Methods and analysis
This study employs a repeated cross-sectional difference-in-difference design in which 700 youth ages 13–17 years are being recruited each year for 5 years (Louisiana n=175, Texas n=175, matched comparisons from other states n=350). Youth screen record their mobile devices for 60 minutes while they browse social media platforms (eg, TikTok, Instagram) or use the internet. They also complete a brief survey about a variety of topics (eg, health behaviours, mental health). Adolescents are compensated for screen recording ($75) and the survey ($25).

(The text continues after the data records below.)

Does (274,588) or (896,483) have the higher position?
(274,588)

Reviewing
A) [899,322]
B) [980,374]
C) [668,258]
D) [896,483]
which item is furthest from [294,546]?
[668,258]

Study team members are coding recordings for several characteristics, including media platforms used, appearances of food or beverages, and food or beverage type. We will estimate the impact of policies on food and beverage ads seen per hour using Ordinary Least Squares regression models and heterogeneity-robust standard errors clustered at the state level (by year and cumulatively). We will run additional models with interaction terms with income and race/ethnicity, separately, to test the role of the policies on health disparities.

Ethics and dissemination
Study procedures have been approved by the Institutional Review Board of the NYU Grossman School of Medicine. We will distribute findings in peer-reviewed journals and at local and national conferences. To complement traditional dissemination pathways, we will create infographics to share with relevant community stakeholders. We will also share findings with policymakers in states that have passed or considered similar policies.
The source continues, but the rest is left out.